Seeking the realization of the future fusion energy, in the magnetic field confinement device we are progressing in research on confining high-temperature, high-pressure plasma in the magnetic field container. In order to confine plasma the “symmetry” of the configuration of the magnetic field container plays an important role. When the symmetry is high, the performance of the plasma confinement, too, is high. But when the confinement condition changes for some reason, there is worry that the plasma will suddenly flare and damage the vessel. For that reason, we are conducting research in which, beforehand, we slightly destroy one part of the symmetry and stabilize the plasma confinement condition. Here, we introduce research in heightening the plasma confinement technique through control of the magnetic field symmetry.
What is symmetry? Let us consider symmetry in an origami figure. When a square origami paper is folded at the middle of two sides, the two corners overlap. If we fold the paper in diagonals, the remaining corners will overlap. The squares in this way have the same shape with regard to the two fold lines (axis). We call this “line symmetry.” Further, the same shape will emerge by rotating the paper 90 degrees around the axis that is perpendicular to the paper in the middle of the square. That is, this is also called “rotating symmetry” in a limited sense. In the fusion plasma magnetic field confinement device, it is important for the configuration of the magnetic field that confines the plasma to have this type of symmetry. The tokamak confinement device has a doughnut-shape magnetic field configuration. Even if the plasma revolves around the axis in the middle of the doughnut, its shape does not change. This is an important feature of the doughnut-type device. The configuration of the plasma confinement magnetic field in the Large Helical Device (LHD) is in the shape of a twisted doughnut. And because the shape does not change when it revolves around the axis by a certain number of degrees, we say that there is twisted symmetry, that is, “helical symmetry” in a limited sense. A magnetic field device that has a highly symmetrical configuration can well confine plasma because it does not have a weak aspect toward a plasma that seeks to escape outside.
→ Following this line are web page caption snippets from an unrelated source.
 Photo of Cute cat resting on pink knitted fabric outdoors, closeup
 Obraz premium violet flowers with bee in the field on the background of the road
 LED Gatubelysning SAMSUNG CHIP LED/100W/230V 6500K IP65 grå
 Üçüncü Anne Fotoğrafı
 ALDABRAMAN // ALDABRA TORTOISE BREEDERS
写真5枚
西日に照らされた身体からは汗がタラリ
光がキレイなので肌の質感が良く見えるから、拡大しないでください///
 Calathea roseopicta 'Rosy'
However, recently, experiments that purposefully attempt to destroy such magnificent symmetry are gathering attention. When symmetry is good and we confine plasma quite well, when the confinement conditions collapse slightly and the plasma escapes to outside the confinement, the escaped plasma unexpectedly has a large amount of energy and hits the vacuum vessel. We now know that in some cases it damages the vacuum vessel. When a volcano’s magma chamber is closed tightly, the volcano may eject much energy at the time of an eruption. Thus, when we slightly tear the symmetry of the magnetic field that confines the plasma and the plasma little by little attempts to escape to a pre-determined place, the quantity of plasma that suddenly escapes at the time of the collapse of the confinement condition becomes smaller and can be skillfully stopped in the vessel.
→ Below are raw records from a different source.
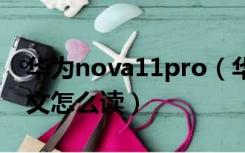 华为nova11pro（华为nova怎么读 nova中文怎么读）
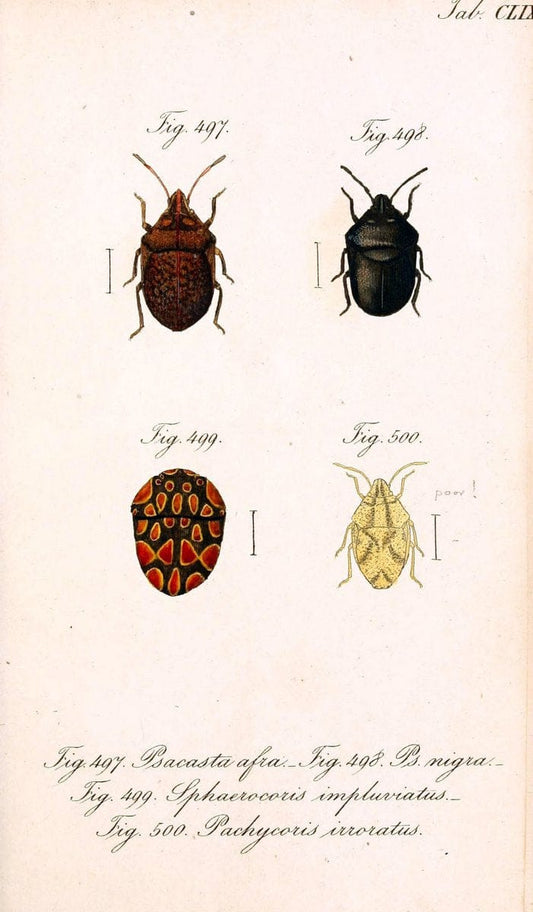 Die wanzenartigen Insecten :.NÃ¼rnberg :In der C.H. Zeh'schen Buchhandlung,1831-1853.  | Hemiptera | Vintage Print Reproduction 473658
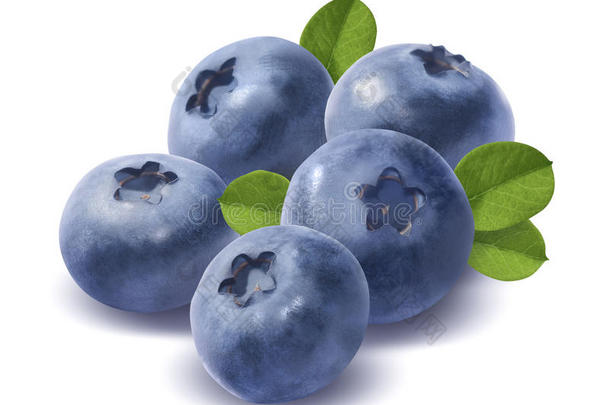 白底五个蓝莓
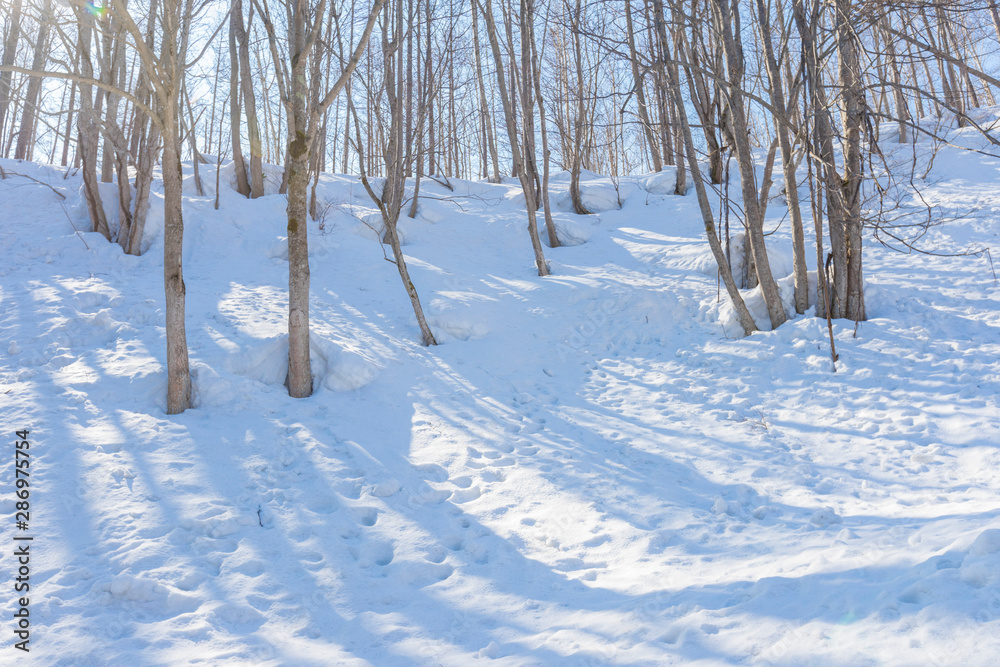 view of bare leafless tree with an interesting shape in a snow winter woodland landscape. view of bare leafless tree with an interesting shape in a snow winter woodland landscape.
How, then, does one destroy symmetry? If one can add from outside a magnetic field that is not symmetrical, that is good. Because a plasma moves unpredictably when receiving influence from an external magnetic field, it is difficult to predict what will happen to the magnetic field inside the plasma. If the symmetry is destroyed too fully, as everything will be destroyed it is necessary to know how small an external magnetic field will be satisfactory. Because this is an extremely important yet also difficult problem, a conference at which specialists discuss only this problem is held every year. In the LHD, we are using a new diagnostic device that can investigate internal conditions of the plasma. And we are moving forward with preparations for research of the changes in the plasma shape caused by an external magnetic field. This diagnostic device affects the shape of the plasma from two symmetrical directions. If there is symmetry in the plasma, two images will match, and if the symmetry is torn, different images will be photographed. From the differences in the two images we will estimate the condition of the tear in the symmetry. Working toward enhancing plasma control methods that will link to the future fusion reactor, we are planning tests of the diagnostic device and international experiments involving members from Japan, the United States, and the Republic of Korea who conduct experiments on devices including tokamaks.